EL CASO
CLAUSTRE
Acabo de releer el exhaustivo y emocionante libro que Pierre Claustre publicó doce años después de la liberación de su esposa Françoise, secuestrada por Hissène Habré entre el 21 de abril de 1974 y el 1 de febrero de 1977. Antes de entrar en el papel bastante penoso que desempeñé en lo que, en 1975, se había convertido en un caso que agitaba los medios de comunicación y el mundo político, recordaré brevemente su génesis, ya que es probable, en efecto, que este episodio haya sido olvidado por muchos, gracias a que su protagonista, a su regreso a Francia, hizo gala de una notable discreción.

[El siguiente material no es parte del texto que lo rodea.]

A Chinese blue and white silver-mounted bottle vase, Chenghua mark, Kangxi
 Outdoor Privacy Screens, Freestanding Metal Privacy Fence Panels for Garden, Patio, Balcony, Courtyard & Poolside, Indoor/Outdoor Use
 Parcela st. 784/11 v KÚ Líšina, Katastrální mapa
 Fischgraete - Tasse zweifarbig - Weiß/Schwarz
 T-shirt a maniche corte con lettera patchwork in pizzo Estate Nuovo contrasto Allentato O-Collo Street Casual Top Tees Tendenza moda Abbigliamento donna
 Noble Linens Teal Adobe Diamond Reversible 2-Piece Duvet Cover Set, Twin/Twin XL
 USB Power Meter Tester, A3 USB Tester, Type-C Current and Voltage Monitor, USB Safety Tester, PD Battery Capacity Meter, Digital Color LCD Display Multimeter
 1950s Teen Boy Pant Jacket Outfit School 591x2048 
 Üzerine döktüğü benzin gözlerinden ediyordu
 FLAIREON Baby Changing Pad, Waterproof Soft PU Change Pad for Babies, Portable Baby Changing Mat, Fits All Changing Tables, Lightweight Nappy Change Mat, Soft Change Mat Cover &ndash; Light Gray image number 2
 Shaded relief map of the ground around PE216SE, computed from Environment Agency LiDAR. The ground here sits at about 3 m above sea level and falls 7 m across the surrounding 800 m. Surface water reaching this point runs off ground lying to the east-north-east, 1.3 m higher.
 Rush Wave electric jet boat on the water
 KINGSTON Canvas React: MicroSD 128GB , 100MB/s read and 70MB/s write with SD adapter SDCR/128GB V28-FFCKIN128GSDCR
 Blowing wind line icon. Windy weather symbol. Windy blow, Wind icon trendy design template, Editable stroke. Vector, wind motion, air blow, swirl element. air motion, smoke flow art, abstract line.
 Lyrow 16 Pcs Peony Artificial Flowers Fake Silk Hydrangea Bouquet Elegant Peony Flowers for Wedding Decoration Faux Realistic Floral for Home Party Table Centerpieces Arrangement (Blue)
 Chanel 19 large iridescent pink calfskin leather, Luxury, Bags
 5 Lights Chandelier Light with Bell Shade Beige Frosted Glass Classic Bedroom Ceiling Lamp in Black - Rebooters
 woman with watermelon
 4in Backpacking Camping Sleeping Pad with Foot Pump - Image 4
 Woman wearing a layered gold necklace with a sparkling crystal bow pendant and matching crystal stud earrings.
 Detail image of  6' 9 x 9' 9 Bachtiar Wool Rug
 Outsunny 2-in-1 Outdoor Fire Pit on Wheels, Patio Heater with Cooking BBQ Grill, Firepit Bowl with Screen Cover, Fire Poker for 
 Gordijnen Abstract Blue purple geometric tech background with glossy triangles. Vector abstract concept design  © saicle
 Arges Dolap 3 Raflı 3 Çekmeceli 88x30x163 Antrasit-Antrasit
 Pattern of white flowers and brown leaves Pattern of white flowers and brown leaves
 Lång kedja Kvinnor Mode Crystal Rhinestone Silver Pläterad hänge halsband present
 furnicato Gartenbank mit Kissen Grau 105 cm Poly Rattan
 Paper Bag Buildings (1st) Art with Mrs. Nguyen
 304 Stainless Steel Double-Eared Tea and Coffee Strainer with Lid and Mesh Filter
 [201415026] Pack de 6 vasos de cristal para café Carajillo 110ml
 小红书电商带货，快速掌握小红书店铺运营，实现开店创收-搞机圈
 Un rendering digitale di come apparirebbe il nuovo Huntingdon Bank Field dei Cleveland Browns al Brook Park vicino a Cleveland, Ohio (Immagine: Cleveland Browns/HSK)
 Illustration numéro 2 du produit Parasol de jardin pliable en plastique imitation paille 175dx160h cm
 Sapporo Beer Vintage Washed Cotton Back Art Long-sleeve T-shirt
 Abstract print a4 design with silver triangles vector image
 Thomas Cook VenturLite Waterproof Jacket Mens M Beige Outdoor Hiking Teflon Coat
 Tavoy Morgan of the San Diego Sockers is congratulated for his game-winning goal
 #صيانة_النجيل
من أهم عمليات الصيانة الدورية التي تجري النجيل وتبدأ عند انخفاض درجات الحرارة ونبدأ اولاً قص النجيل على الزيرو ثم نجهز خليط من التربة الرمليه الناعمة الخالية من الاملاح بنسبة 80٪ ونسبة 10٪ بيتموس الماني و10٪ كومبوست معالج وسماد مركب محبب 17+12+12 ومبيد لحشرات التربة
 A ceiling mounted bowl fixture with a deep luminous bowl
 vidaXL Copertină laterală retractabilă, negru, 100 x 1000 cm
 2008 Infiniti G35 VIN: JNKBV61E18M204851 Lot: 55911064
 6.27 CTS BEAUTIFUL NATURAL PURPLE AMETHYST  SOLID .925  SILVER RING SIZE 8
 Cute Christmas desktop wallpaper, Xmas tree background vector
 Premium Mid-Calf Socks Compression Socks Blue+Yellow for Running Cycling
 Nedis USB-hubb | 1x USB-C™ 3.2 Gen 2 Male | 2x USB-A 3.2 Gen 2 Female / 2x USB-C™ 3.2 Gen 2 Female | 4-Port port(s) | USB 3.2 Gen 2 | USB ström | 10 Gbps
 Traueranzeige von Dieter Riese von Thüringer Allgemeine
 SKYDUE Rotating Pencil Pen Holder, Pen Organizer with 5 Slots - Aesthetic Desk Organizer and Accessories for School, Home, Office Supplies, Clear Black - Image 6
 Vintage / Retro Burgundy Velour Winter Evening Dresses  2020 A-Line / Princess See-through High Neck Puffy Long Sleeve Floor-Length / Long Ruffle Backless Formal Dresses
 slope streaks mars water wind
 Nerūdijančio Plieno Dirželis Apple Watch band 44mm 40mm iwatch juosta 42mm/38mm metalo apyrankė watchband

Nacida en el seno de una familia luxemburguesa, Françoise Treinen trabajaba en Chad desde 1964. Arqueóloga, investigaba los pueblos preislámicos del desierto. Conoció a Pierre Claustre, llegado a Chad en 1969. Antiguo alumno de la Escuela Nacional de la Francia de Ultramar, dirigía la misión para la reforma administrativa, una especie de empresa de obras públicas en beneficio de las poblaciones rurales en las regiones del norte y el este de Chad afectadas por la rebelión. Pierre se enamoró de Françoise, la conquistó y se casó con ella.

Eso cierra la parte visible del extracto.